So this works on a new F31 virtual machine (running a fedora:31 systemd container as root). I get the same result as @Daniel Walsh - now to figure out why the upgraded system fails to launch this container.
@Daniel Walsh I know the cause: I must remove oci-systemd-hook oci-register-machine oci-umount During the upgrade from F30->F31 these packages were upgraded; the new F31 VM does not have these packages installed. These packages seem to interfere with the proper functioning of podman/conmon. For reference these packages had to be removed: oci-register-machine-0-11.git66fa845.fc31.x86_64 oci-systemd-hook-0.2.0-2.git05e6923.fc31.x86_64 oci-umount-2.5-3.gitc3cda1f.fc31.x86_64
(In reply to Daniel Walsh from comment #1) > Systemd guys, is there anything that could be done to make systemd on Centos > work on a cgroupv2 file system? cgroupv2 support was added in systemd-230. centos7 has systemd-219, so no support. What we do in systemd-nspawn is check the guest to guess if it supports cgroupsv2. If it has systemd >= 230, it does. See https://github.com/systemd/systemd/blob/master/src/nspawn/nspawn.c#L445-L480. If the guest has no support for v2, we try to mount v1. This is not very elegant, but we couldn't come up with an approach that would allow us to use cgroupv2, but not break old images.
@space88man I thought oci-register-machine-0-11.git66fa845.fc31.x86_64 was removed years ago. We no longer support it. oci-systemd-hook is not used by podman and would not be used by docker-ce or moby-engine. So it really serves no purpose. oci-umount is really only for use with devicemapper back end. But not sure why that would cause issues with cgroup v2? Are you sure you needed to remove it. Zbigniew Jędrzejewski-Szmek maybe we should do the same for podman.
@Daniel Walsh oci-umount / oci-register-machine are red herrings - they don't affect fedora:31 centos:8 containers. The blocker seems to be oci-systemd-hook: after reinstalling just that package I am seeing the stall in conmon as previously described. The problematic version is oci-systemd-hook-0.2.0-2.git05e6923.fc31.x86_64.rpm.
There was another bug related to Conmon hanging if an OCI hook exited non-0 - that could be what's going on here. I think it was resolved, but I forget which project the patch went into?
`conmon-2.0.1-1.fc31.x86_64` This appears to be the problem. Conmon 2.0.2 is released upstream with a fix. It's pending in Bodhi at https://bodhi.fedoraproject.org/updates/FEDORA-2019-6353777bbd Can you try the command: `podman --runtime /bin/false run --rm alpine true` If that fails, you have the same issue as the one I'm describing, and 2.0.2 will fix it once it makes it to stable.
@Matthew Heon: I can confirm that what I was seeing with oci-systemd-hook was in fact due to the conmon issue. Thanks.

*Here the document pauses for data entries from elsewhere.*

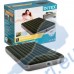 Матрак надуваем 203x152x25 см, вградена крачна помпа, INTEX 64763 Queen Dura-Beam Downy Airbed
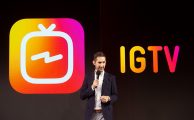 IGTV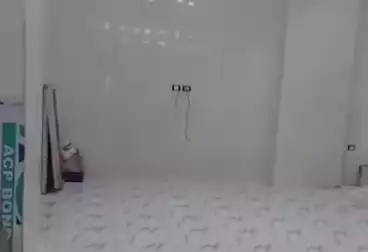 undefined undefined - floor 0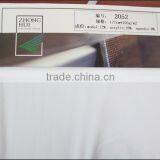 80S Modal Spandex 1*1 Rib175cm*195g/m2 for Garments ZH2052 thumbnail-1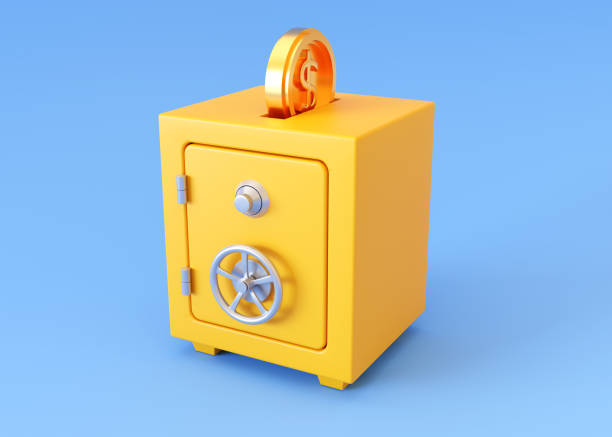 Safe Box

Experiencing the same thing on F32 (fresh install): $ sudo podman run --log-level debug -t --name centos --rm centos:7.2.1511 /sbin/init ... DEBU[0000] Started container f573efe8280c33bf35380b34bb45c5c98c892b3834d0356582e09c44006e436d Failed to mount cgroup at /sys/fs/cgroup/systemd: Operation not permitted [!!!!!!] Failed to mount API filesystems, freezing. The problem doesn't appear to be linked to the presence of stale oci-* packages: $ rpm -qa | rg oci | wc -l 0 $ rpm -q systemd podman crun conmon fuse-overlayfs systemd-245.4-1.fc32.x86_64 podman-1.9.1-1.fc32.x86_64 crun-0.13-2.fc32.x86_64 conmon-2.0.15-1.fc32.x86_64 fuse-overlayfs-1.0.0-1.fc32.x86_64
We've investigated whether it is possible to support older versions of systemd requiring cgroups v1 (the versions shipping in CentOS/RHEL 7 being most notable here) on cgroups v2 hosts, and it doesn't seem to be reasonable. The complexity involved is quite significant, and adding support for this is not on our priorities list at present. It seems like the best option to resolve this is to either swap the base image to RHEL/Cent 8.x (which have a new enough systemd to support cgroups v2) or disable cgroups v2 on the host (which does have the disadvantage of removing ability to set resource limits for rootless containers, among a few other things).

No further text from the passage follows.